◆ Exercise aim
Go through the entries below and print each one exactly.

◆ Data supplied
+++
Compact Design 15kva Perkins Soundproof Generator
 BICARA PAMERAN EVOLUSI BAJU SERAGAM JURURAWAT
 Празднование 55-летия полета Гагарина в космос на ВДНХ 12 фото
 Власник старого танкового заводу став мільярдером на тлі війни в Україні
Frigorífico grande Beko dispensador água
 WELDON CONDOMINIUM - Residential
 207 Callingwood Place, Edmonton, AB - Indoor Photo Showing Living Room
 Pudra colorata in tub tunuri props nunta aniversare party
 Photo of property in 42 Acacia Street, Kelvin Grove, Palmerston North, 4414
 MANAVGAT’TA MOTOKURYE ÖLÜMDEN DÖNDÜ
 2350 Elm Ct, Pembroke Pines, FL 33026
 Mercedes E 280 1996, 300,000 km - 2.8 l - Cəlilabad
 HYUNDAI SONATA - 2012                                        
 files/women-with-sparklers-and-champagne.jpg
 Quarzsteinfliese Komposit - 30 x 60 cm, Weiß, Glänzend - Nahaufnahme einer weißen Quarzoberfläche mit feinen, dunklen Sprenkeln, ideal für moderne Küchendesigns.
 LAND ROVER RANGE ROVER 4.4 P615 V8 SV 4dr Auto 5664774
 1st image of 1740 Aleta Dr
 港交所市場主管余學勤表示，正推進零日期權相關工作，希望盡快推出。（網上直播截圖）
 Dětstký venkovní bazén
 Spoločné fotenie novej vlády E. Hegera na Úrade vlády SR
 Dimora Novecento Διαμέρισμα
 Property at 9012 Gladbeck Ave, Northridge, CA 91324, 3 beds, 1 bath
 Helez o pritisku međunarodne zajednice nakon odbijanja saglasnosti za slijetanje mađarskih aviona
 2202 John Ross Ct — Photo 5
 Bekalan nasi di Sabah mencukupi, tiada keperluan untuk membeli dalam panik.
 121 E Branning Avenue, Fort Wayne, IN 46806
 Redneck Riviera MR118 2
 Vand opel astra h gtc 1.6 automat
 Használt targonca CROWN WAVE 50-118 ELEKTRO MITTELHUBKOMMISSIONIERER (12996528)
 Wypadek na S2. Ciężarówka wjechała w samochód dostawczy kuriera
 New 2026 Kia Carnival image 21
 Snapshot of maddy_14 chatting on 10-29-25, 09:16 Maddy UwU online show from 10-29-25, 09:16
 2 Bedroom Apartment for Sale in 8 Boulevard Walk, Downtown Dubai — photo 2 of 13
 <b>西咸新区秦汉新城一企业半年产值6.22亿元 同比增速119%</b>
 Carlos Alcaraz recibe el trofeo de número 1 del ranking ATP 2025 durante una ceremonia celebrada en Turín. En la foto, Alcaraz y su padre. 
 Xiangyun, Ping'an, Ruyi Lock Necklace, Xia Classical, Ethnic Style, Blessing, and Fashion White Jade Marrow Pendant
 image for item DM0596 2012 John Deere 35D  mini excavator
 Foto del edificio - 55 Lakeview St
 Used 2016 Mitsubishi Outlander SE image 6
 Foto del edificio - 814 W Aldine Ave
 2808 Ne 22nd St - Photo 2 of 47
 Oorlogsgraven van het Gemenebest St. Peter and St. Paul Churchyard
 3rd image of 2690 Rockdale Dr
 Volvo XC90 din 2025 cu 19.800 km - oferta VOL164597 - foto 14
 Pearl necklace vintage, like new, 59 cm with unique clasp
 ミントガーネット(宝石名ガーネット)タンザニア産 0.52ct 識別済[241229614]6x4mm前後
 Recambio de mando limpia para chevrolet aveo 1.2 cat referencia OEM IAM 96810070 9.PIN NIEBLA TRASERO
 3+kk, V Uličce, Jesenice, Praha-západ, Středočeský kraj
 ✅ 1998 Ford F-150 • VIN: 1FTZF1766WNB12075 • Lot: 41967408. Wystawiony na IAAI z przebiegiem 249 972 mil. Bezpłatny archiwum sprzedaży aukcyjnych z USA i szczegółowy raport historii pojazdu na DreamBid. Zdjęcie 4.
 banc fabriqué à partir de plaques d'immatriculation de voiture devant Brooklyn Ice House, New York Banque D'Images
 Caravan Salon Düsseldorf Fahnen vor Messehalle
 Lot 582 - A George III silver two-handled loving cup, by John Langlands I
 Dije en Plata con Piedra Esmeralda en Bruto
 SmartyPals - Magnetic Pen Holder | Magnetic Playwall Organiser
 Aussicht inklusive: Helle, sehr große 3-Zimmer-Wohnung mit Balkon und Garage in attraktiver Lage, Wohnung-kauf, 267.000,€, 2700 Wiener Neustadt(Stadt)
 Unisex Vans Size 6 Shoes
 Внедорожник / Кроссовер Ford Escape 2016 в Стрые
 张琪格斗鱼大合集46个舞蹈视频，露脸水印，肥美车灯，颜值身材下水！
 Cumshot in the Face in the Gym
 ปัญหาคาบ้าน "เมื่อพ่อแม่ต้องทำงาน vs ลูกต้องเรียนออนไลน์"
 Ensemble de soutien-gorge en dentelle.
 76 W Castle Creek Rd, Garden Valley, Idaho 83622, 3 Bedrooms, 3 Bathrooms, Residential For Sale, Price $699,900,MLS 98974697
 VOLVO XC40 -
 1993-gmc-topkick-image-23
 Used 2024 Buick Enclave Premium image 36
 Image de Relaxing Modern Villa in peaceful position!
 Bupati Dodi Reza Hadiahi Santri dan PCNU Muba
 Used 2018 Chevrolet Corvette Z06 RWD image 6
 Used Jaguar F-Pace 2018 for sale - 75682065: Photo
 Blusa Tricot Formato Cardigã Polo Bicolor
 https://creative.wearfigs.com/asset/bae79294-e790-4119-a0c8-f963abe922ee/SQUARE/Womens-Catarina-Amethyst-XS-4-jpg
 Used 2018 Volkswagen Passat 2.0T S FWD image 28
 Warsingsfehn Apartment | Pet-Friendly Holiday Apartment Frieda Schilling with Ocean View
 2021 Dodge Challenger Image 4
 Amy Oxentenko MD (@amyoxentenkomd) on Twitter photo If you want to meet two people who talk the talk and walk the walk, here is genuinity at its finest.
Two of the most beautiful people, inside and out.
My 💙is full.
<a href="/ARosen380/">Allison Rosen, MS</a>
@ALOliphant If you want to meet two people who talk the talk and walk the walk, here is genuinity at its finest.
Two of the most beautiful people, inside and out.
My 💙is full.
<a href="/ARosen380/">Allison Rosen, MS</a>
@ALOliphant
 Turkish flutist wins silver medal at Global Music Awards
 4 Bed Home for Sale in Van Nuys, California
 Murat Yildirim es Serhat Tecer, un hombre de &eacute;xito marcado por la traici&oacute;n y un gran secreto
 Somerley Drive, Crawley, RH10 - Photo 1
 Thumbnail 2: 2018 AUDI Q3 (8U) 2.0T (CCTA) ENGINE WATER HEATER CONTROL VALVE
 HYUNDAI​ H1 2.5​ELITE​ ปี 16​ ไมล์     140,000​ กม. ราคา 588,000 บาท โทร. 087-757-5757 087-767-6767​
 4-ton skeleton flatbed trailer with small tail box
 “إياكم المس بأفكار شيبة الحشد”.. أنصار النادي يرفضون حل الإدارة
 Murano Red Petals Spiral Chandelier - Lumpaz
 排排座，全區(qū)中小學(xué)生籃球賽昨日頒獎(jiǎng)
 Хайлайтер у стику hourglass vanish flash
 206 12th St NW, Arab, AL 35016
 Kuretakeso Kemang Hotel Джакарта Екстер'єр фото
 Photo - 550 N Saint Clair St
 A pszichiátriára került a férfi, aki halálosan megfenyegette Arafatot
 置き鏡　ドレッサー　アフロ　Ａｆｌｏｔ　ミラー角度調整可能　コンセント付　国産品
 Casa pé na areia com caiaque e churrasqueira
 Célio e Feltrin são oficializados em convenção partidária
+++
◆ Solution to this problem
Compact Design 15kva Perkins Soundproof Generator
 BICARA PAMERAN EVOLUSI BAJU SERAGAM JURURAWAT
 Празднование 55-летия полета Гагарина в космос на ВДНХ 12 фото
 Власник старого танкового заводу став мільярдером на тлі війни в Україні
Frigorífico grande Beko dispensador água
 WELDON CONDOMINIUM - Residential
 207 Callingwood Place, Edmonton, AB - Indoor Photo Showing Living Room
 Pudra colorata in tub tunuri props nunta aniversare party
 Photo of property in 42 Acacia Street, Kelvin Grove, Palmerston North, 4414
 MANAVGAT’TA MOTOKURYE ÖLÜMDEN DÖNDÜ
 2350 Elm Ct, Pembroke Pines, FL 33026
 Mercedes E 280 1996, 300,000 km - 2.8 l - Cəlilabad
 HYUNDAI SONATA - 2012                                        
 files/women-with-sparklers-and-champagne.jpg
 Quarzsteinfliese Komposit - 30 x 60 cm, Weiß, Glänzend - Nahaufnahme einer weißen Quarzoberfläche mit feinen, dunklen Sprenkeln, ideal für moderne Küchendesigns.
 LAND ROVER RANGE ROVER 4.4 P615 V8 SV 4dr Auto 5664774
 1st image of 1740 Aleta Dr
 港交所市場主管余學勤表示，正推進零日期權相關工作，希望盡快推出。（網上直播截圖）
 Dětstký venkovní bazén
 Spoločné fotenie novej vlády E. Hegera na Úrade vlády SR
 Dimora Novecento Διαμέρισμα
 Property at 9012 Gladbeck Ave, Northridge, CA 91324, 3 beds, 1 bath
 Helez o pritisku međunarodne zajednice nakon odbijanja saglasnosti za slijetanje mađarskih aviona
 2202 John Ross Ct — Photo 5
 Bekalan nasi di Sabah mencukupi, tiada keperluan untuk membeli dalam panik.
 121 E Branning Avenue, Fort Wayne, IN 46806
 Redneck Riviera MR118 2
 Vand opel astra h gtc 1.6 automat
 Használt targonca CROWN WAVE 50-118 ELEKTRO MITTELHUBKOMMISSIONIERER (12996528)
 Wypadek na S2. Ciężarówka wjechała w samochód dostawczy kuriera
 New 2026 Kia Carnival image 21
 Snapshot of maddy_14 chatting on 10-29-25, 09:16 Maddy UwU online show from 10-29-25, 09:16
 2 Bedroom Apartment for Sale in 8 Boulevard Walk, Downtown Dubai — photo 2 of 13
 <b>西咸新区秦汉新城一企业半年产值6.22亿元 同比增速119%</b>
 Carlos Alcaraz recibe el trofeo de número 1 del ranking ATP 2025 durante una ceremonia celebrada en Turín. En la foto, Alcaraz y su padre. 
 Xiangyun, Ping'an, Ruyi Lock Necklace, Xia Classical, Ethnic Style, Blessing, and Fashion White Jade Marrow Pendant
 image for item DM0596 2012 John Deere 35D  mini excavator
 Foto del edificio - 55 Lakeview St
 Used 2016 Mitsubishi Outlander SE image 6
 Foto del edificio - 814 W Aldine Ave
 2808 Ne 22nd St - Photo 2 of 47
 Oorlogsgraven van het Gemenebest St. Peter and St. Paul Churchyard
 3rd image of 2690 Rockdale Dr
 Volvo XC90 din 2025 cu 19.800 km - oferta VOL164597 - foto 14
 Pearl necklace vintage, like new, 59 cm with unique clasp
 ミントガーネット(宝石名ガーネット)タンザニア産 0.52ct 識別済[241229614]6x4mm前後
 Recambio de mando limpia para chevrolet aveo 1.2 cat referencia OEM IAM 96810070 9.PIN NIEBLA TRASERO
 3+kk, V Uličce, Jesenice, Praha-západ, Středočeský kraj
 ✅ 1998 Ford F-150 • VIN: 1FTZF1766WNB12075 • Lot: 41967408. Wystawiony na IAAI z przebiegiem 249 972 mil. Bezpłatny archiwum sprzedaży aukcyjnych z USA i szczegółowy raport historii pojazdu na DreamBid. Zdjęcie 4.
 banc fabriqué à partir de plaques d'immatriculation de voiture devant Brooklyn Ice House, New York Banque D'Images
 Caravan Salon Düsseldorf Fahnen vor Messehalle
 Lot 582 - A George III silver two-handled loving cup, by John Langlands I
 Dije en Plata con Piedra Esmeralda en Bruto
 SmartyPals - Magnetic Pen Holder | Magnetic Playwall Organiser
 Aussicht inklusive: Helle, sehr große 3-Zimmer-Wohnung mit Balkon und Garage in attraktiver Lage, Wohnung-kauf, 267.000,€, 2700 Wiener Neustadt(Stadt)
 Unisex Vans Size 6 Shoes
 Внедорожник / Кроссовер Ford Escape 2016 в Стрые
 张琪格斗鱼大合集46个舞蹈视频，露脸水印，肥美车灯，颜值身材下水！
 Cumshot in the Face in the Gym
 ปัญหาคาบ้าน "เมื่อพ่อแม่ต้องทำงาน vs ลูกต้องเรียนออนไลน์"
 Ensemble de soutien-gorge en dentelle.
 76 W Castle Creek Rd, Garden Valley, Idaho 83622, 3 Bedrooms, 3 Bathrooms, Residential For Sale, Price $699,900,MLS 98974697
 VOLVO XC40 -
 1993-gmc-topkick-image-23
 Used 2024 Buick Enclave Premium image 36
 Image de Relaxing Modern Villa in peaceful position!
 Bupati Dodi Reza Hadiahi Santri dan PCNU Muba
 Used 2018 Chevrolet Corvette Z06 RWD image 6
 Used Jaguar F-Pace 2018 for sale - 75682065: Photo
 Blusa Tricot Formato Cardigã Polo Bicolor
 https://creative.wearfigs.com/asset/bae79294-e790-4119-a0c8-f963abe922ee/SQUARE/Womens-Catarina-Amethyst-XS-4-jpg
 Used 2018 Volkswagen Passat 2.0T S FWD image 28
 Warsingsfehn Apartment | Pet-Friendly Holiday Apartment Frieda Schilling with Ocean View
 2021 Dodge Challenger Image 4
 Amy Oxentenko MD (@amyoxentenkomd) on Twitter photo If you want to meet two people who talk the talk and walk the walk, here is genuinity at its finest.
Two of the most beautiful people, inside and out.
My 💙is full.
<a href="/ARosen380/">Allison Rosen, MS</a>
@ALOliphant If you want to meet two people who talk the talk and walk the walk, here is genuinity at its finest.
Two of the most beautiful people, inside and out.
My 💙is full.
<a href="/ARosen380/">Allison Rosen, MS</a>
@ALOliphant
 Turkish flutist wins silver medal at Global Music Awards
 4 Bed Home for Sale in Van Nuys, California
 Murat Yildirim es Serhat Tecer, un hombre de &eacute;xito marcado por la traici&oacute;n y un gran secreto
 Somerley Drive, Crawley, RH10 - Photo 1
 Thumbnail 2: 2018 AUDI Q3 (8U) 2.0T (CCTA) ENGINE WATER HEATER CONTROL VALVE
 HYUNDAI​ H1 2.5​ELITE​ ปี 16​ ไมล์     140,000​ กม. ราคา 588,000 บาท โทร. 087-757-5757 087-767-6767​
 4-ton skeleton flatbed trailer with small tail box
 “إياكم المس بأفكار شيبة الحشد”.. أنصار النادي يرفضون حل الإدارة
 Murano Red Petals Spiral Chandelier - Lumpaz
 排排座，全區(qū)中小學(xué)生籃球賽昨日頒獎(jiǎng)
 Хайлайтер у стику hourglass vanish flash
 206 12th St NW, Arab, AL 35016
 Kuretakeso Kemang Hotel Джакарта Екстер'єр фото
 Photo - 550 N Saint Clair St
 A pszichiátriára került a férfi, aki halálosan megfenyegette Arafatot
 置き鏡　ドレッサー　アフロ　Ａｆｌｏｔ　ミラー角度調整可能　コンセント付　国産品
 Casa pé na areia com caiaque e churrasqueira
 Célio e Feltrin são oficializados em convenção partidária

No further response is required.